The term later re-emerged to describe the sound of various West Coast punk bands. It most likely came from one of three sources: Rozz Williams, the founding member of Christian Death, to describe the sound of his band; the music press, reusing the 1950s term to describe an emerging subgenre of punk; and/or Nick Zedd's 1979 film They Eat Scum, which featured a fictitious cannibalistic "death rock" punk band called "Suzy Putrid and the Mental Deficients."

History

Predecessors
The earliest influences for some death rock acts can be traced to the horror-themed novelty rock and roll acts of the late 1950s and early 1960s such as Bobby “Boris” Pickett and the Crypt-Kickers and Zacherle with "Monster Mash"; Screamin' Jay Hawkins with "I Put a Spell on You"; Screaming Lord Sutch & the Savages with "Murder in the Graveyard"; and Don Hinson and the Rigormorticians with "Riboflavin-Flavored Non-Carbonated Poly-Unsaturated Blood". Contemporarily, the 1979 single "Bela Lugosi's Dead" by British post-punk group Bauhaus was one of the major influences amongst the early death rock scene. Other influences included the Doors, David Bowie, Alice Cooper, the Cramps, Black Sabbath and the Damned.

The Los Angeles punk rock scene began in the mid to late 1970s, with groups like the Runaways, the Weirdos and the Germs. Within this scene The Gun Club's merger of grim take on heavily blues indebted punk was a notable Los Angeles precursor. The Flesh Eaters too took a macabre take on early LA punk, by merging the sound with lyrics influenced by Edgar Allan Poe, the Beat Generation and Catholicism. Furthermore, T.S.O.L. were a defining group in the scene who briefly embraced gothic and deathrock elements.

Origins

At the beginning of the 1980s an offshoot of those interested in darker horror themes emerged from the Los Angeles punk rock scene. According to a 2006 article by Stylus Magazine one popular theory as to the reason for this split was the 1980 suicide of Germs vocalist Darby Crash. According to this interpretation, Crash's death led to a period of mourning amongst many of those in the scene and eventually to a fascination with the macabre. Nonetheless, amongst this splinter group band began to form merging the sound of Los Angeles punk rock with these darker elements to create death rock. The most prominent of these groups were Christian Death, 45 Grave, Super Heroines and Kommunity FK. The bands generally performed and congregated at the Anti-Club, a club night in Hollywood that would change venues every few weeks. Outside of this scene, Theatre of Ice from Fallon, Nevada independently created a sound which some sources have considered as pioneering death rock.

Interaction
Before death rock was emerging as a distinctively darker subgenre of punk rock in the United States, other subgenres of punk and post-punk were developing independently in the UK.

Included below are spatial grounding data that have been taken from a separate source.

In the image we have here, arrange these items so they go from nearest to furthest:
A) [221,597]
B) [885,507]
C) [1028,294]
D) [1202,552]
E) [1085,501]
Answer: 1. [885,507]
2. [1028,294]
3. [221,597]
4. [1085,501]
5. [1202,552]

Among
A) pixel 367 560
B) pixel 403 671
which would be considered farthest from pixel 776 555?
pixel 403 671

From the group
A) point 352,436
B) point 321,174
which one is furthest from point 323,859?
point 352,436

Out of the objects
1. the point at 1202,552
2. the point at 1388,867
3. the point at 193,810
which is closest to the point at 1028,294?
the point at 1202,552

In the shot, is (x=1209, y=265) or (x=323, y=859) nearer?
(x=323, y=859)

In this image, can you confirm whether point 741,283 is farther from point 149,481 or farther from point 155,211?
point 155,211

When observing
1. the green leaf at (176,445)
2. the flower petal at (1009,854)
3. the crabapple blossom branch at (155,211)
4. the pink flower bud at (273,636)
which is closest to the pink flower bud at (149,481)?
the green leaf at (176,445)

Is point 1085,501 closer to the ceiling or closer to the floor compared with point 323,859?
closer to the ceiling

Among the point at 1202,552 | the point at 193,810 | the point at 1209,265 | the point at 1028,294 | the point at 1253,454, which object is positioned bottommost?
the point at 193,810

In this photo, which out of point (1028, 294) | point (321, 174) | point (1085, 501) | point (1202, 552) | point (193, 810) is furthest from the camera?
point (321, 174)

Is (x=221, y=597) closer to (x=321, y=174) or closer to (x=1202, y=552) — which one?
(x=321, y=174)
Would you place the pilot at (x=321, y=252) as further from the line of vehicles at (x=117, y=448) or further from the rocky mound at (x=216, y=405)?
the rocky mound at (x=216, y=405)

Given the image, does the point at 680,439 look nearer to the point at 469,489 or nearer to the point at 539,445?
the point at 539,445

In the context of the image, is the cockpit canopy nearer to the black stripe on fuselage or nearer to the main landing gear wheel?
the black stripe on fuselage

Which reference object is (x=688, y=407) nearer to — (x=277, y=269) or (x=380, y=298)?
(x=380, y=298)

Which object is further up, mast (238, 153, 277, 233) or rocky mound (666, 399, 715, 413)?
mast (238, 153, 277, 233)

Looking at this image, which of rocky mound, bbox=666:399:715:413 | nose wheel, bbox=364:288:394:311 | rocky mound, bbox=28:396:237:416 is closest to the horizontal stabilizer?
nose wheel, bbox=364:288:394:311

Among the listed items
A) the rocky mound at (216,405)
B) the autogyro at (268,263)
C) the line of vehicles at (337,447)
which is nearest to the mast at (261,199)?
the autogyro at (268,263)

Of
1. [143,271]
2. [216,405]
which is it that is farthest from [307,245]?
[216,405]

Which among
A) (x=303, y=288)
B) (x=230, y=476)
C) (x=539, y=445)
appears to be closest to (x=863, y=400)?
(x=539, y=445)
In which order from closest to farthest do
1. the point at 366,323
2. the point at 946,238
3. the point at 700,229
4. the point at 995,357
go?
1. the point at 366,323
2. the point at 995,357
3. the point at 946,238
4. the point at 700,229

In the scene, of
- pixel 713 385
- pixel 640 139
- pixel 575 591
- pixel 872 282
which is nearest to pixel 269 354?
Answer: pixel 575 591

By 1980, a wave of post-punk bands such as Joy Division, Siouxsie and the Banshees, Bauhaus, and The Cure abandoned the intensity of punk music in favor of a more elaborate style characterized by moody guitars and dark droning bass guitar patterns combined with romantic and morbid themes. This style of rock became known as "gothic rock" or "positive punk". A second wave of bands had coalesced a few years later, headed by acts such as Sex Gang Children and Southern Death Cult, along with Brigandage, Blood and Roses, and Ritual. Many of those bands featured tribal drumming, high-pitched vocals, scratchy guitar, and bass guitar as melodic lead instrument and a visual look blending glam with Native American-influenced warpaint and spiky haircuts. 

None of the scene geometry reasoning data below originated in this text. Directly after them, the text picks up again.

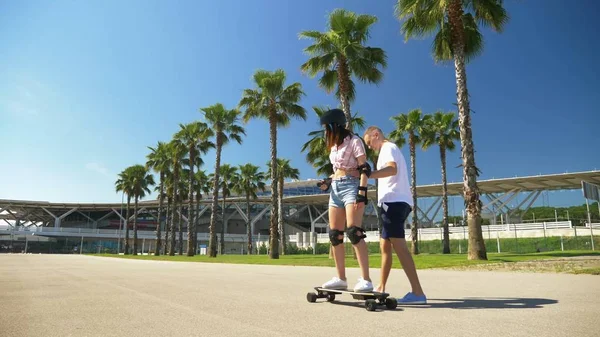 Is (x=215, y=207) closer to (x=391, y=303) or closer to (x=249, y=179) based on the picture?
(x=249, y=179)

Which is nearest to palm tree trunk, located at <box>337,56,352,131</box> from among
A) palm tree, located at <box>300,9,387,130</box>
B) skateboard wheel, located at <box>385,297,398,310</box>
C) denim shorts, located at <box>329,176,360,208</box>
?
palm tree, located at <box>300,9,387,130</box>

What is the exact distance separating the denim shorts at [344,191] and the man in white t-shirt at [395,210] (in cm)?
22

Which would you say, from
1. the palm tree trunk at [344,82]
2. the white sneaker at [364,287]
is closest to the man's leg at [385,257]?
the white sneaker at [364,287]

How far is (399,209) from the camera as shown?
3947 mm

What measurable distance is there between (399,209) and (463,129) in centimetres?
1364

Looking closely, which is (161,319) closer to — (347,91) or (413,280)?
(413,280)

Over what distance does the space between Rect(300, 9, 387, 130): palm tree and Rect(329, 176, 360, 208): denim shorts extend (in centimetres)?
1746

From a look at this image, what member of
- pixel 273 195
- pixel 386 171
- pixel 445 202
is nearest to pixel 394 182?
pixel 386 171

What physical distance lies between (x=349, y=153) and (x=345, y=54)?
17898mm

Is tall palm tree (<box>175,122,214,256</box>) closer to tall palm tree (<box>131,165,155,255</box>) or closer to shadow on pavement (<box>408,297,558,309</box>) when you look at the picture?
tall palm tree (<box>131,165,155,255</box>)

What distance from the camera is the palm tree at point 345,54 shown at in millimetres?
21094

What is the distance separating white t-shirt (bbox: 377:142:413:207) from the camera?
156 inches

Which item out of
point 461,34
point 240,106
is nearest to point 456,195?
point 240,106

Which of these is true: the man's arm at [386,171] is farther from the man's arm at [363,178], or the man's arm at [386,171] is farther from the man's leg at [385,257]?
the man's leg at [385,257] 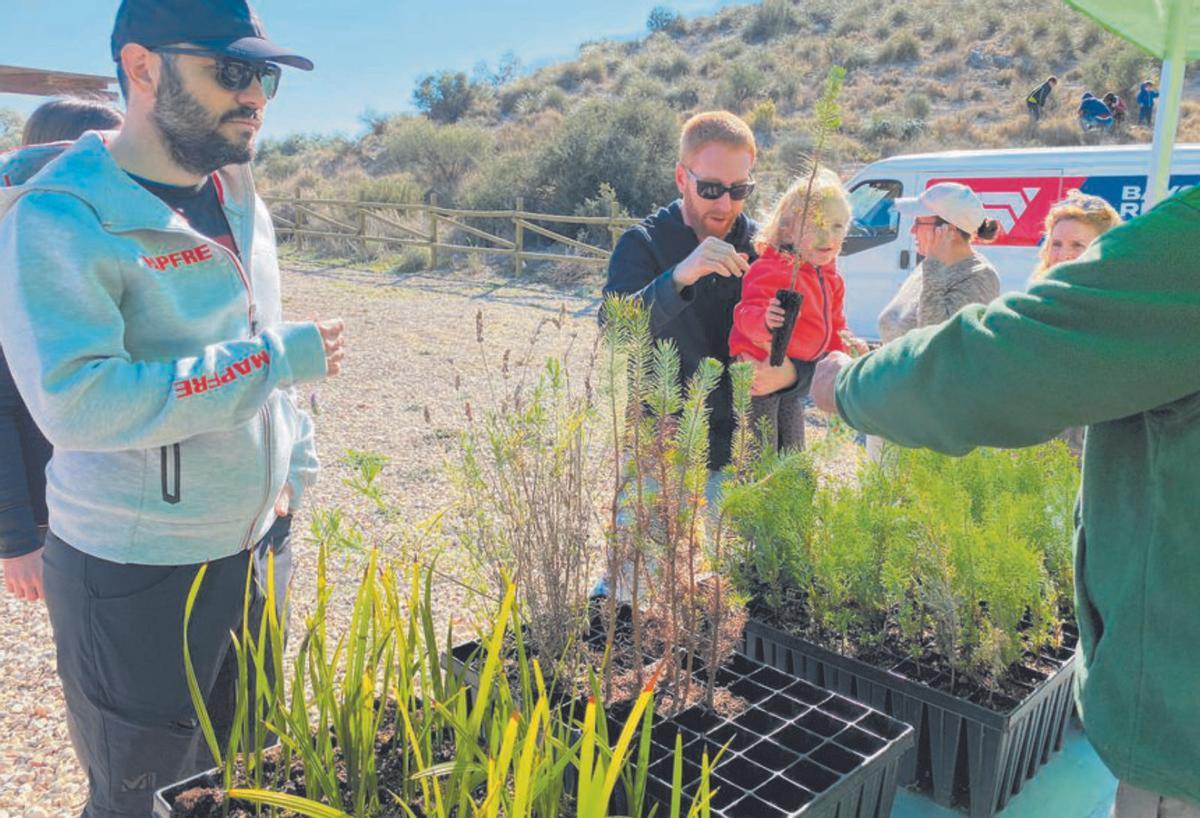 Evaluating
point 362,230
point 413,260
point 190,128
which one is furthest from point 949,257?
point 362,230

During 1982, the scene was brewing at the London gothic rock club Batcave. Initially envisioned as a venue specializing in glam rock and new wave musical acts, the two main bands which debuted and performed frequently at the Batcave, Specimen and Alien Sex Fiend, developed their own different sounds strongly influenced by horror in British pop culture, which set them apart from the rest of the glam and post-punk scenes in Britain. In 1983, Gun Club toured in Europe as did Christian Death in 1984, leading to cross-pollination between the European gothic rock scene and the American death rock scene. By 1984,  California death rock band Kommunity FK toured with UK gothic rock band Sex Gang Children (and the following year with Alien Sex Fiend) which continued the trend in which American and British movements intermixed.

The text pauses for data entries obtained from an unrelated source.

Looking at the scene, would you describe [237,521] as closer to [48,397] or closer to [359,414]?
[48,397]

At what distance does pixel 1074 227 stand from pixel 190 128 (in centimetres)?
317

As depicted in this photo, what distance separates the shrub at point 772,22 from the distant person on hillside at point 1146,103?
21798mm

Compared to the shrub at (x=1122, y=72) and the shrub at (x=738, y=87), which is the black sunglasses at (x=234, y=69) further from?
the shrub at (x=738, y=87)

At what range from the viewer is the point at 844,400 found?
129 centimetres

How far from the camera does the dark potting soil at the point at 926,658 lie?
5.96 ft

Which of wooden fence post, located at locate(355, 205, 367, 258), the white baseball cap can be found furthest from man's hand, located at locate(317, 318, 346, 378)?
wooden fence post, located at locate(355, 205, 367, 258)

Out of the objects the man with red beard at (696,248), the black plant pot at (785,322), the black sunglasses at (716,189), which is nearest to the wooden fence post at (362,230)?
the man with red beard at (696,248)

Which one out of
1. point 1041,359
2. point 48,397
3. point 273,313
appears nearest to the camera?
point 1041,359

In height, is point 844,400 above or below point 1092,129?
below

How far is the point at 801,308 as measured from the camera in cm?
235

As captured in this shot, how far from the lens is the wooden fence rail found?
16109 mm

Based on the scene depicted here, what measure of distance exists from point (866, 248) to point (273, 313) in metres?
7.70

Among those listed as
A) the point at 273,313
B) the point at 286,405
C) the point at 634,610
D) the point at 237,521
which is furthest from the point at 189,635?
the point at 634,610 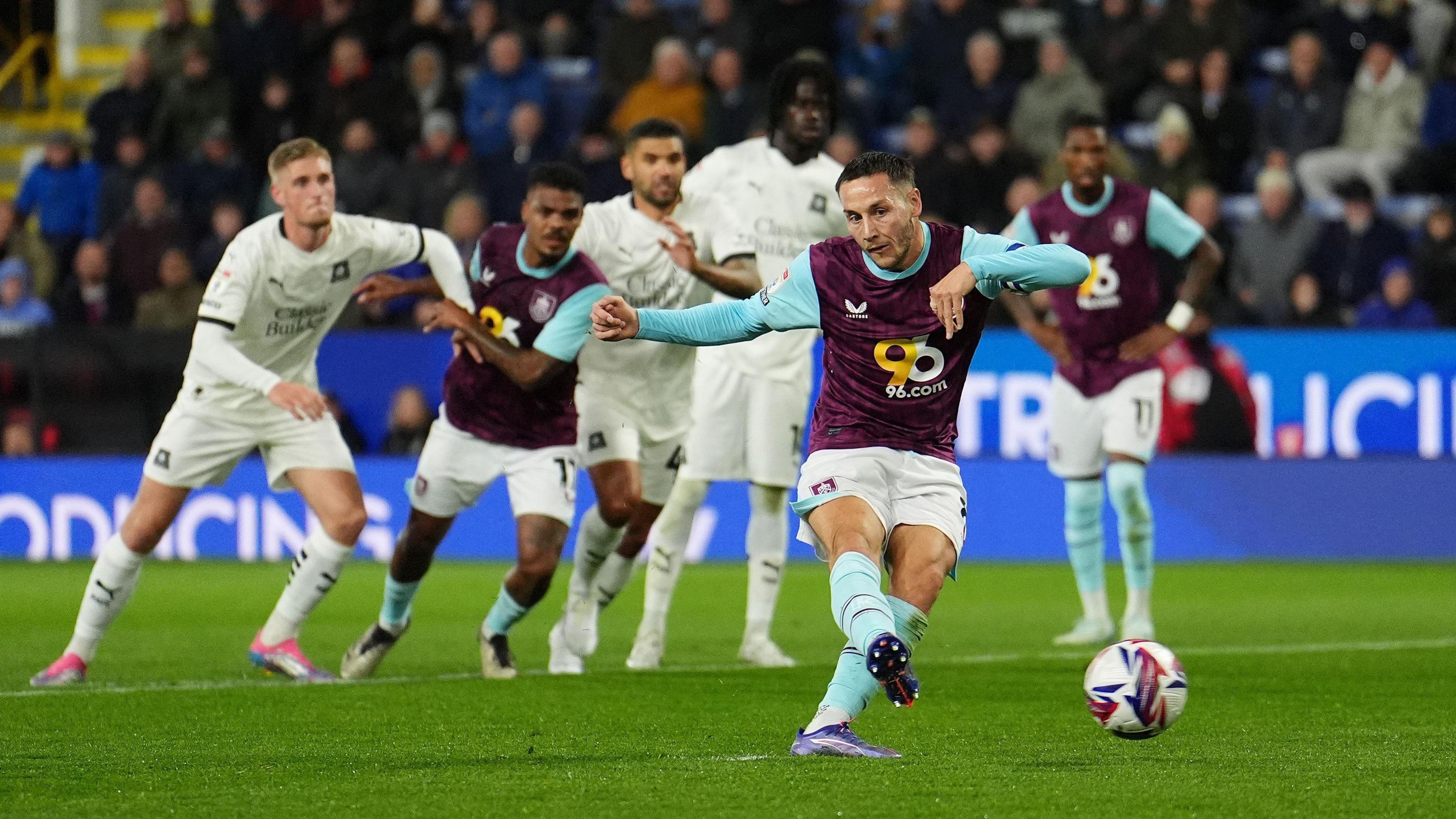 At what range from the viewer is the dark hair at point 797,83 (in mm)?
9492

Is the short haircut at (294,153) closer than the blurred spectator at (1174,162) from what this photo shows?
Yes

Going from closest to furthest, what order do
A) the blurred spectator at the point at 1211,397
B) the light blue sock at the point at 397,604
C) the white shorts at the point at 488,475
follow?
1. the white shorts at the point at 488,475
2. the light blue sock at the point at 397,604
3. the blurred spectator at the point at 1211,397

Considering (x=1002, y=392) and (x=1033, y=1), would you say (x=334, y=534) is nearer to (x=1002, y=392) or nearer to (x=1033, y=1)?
(x=1002, y=392)

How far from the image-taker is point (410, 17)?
19.9 meters

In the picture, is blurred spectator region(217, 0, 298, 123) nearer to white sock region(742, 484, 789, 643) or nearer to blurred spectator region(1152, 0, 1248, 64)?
blurred spectator region(1152, 0, 1248, 64)

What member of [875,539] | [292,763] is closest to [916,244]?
[875,539]

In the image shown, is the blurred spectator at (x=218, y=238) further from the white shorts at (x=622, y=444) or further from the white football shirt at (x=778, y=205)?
the white shorts at (x=622, y=444)

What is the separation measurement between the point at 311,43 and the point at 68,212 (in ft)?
9.16

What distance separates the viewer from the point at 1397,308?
598 inches

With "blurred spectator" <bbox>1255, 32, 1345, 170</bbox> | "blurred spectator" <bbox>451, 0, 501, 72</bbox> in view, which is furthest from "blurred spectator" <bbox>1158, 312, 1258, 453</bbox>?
"blurred spectator" <bbox>451, 0, 501, 72</bbox>

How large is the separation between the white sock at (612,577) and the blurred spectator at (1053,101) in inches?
337

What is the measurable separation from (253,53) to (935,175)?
280 inches

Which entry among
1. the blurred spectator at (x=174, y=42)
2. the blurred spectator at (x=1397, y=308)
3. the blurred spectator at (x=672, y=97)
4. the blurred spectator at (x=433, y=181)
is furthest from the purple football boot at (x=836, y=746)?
the blurred spectator at (x=174, y=42)

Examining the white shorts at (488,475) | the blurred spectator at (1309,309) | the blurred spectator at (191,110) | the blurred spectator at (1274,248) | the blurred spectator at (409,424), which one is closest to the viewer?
the white shorts at (488,475) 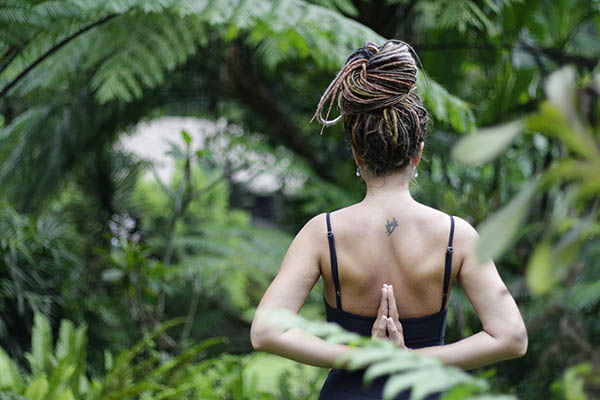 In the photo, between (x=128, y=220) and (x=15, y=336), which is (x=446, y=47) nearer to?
(x=128, y=220)

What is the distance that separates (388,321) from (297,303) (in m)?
0.20

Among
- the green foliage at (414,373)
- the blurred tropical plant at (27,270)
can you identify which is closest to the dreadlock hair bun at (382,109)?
the green foliage at (414,373)

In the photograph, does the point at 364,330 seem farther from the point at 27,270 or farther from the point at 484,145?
the point at 27,270

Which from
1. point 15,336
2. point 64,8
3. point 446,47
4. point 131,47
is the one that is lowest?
point 15,336

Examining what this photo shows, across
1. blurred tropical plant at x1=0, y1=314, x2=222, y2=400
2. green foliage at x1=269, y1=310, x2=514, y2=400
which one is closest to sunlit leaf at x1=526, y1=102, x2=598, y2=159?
green foliage at x1=269, y1=310, x2=514, y2=400

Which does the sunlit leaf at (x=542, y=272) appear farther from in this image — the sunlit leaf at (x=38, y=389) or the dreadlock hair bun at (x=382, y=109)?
the sunlit leaf at (x=38, y=389)

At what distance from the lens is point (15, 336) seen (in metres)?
3.04

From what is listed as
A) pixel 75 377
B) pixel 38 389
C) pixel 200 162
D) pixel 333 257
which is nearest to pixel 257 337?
pixel 333 257

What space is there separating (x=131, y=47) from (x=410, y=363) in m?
2.19

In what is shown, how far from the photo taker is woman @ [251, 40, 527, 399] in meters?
1.32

Influenced more by the British scene and less by California, death rock bands began to form in other parts of the United States, such as Samhain (1983) in Lodi, New Jersey; Holy Cow (1984) in Boston, Massachusetts (and later Providence, Rhode Island); Gargoyle Sox (1985) in Detroit, Michigan; and Shadow of Fear (1985) in Cleveland, Ohio. The fertile New York scene featured Scarecrow (1983), Of a Mesh (1983), Chop Shop (1984), Fahrenheit 451 (1984), The Naked and the Dead (1985), Brain Eaters (1986), the Children's Zoo (1986), the Plague (1987) and the Ochrana (1987).

Irreconcilable differences
The mid-1980s marked the second wave of gothic rock, when the sound began to shift away from its punk and post-punk roots and towards the more serious, rock-oriented approach. Bauhaus broke up, Williams left Christian Death, and the Sisters of Mercy became the dominant and most influential gothic act. The term "gothic rock" became preferred over "death rock" (previously, they had been used interchangeably), a change which Williams attributed to the influence of the Sisters of Mercy. As a result, the term "death rock" was seldom used except in retrospective reference to the Los Angeles bands 45 Grave and Christian Death.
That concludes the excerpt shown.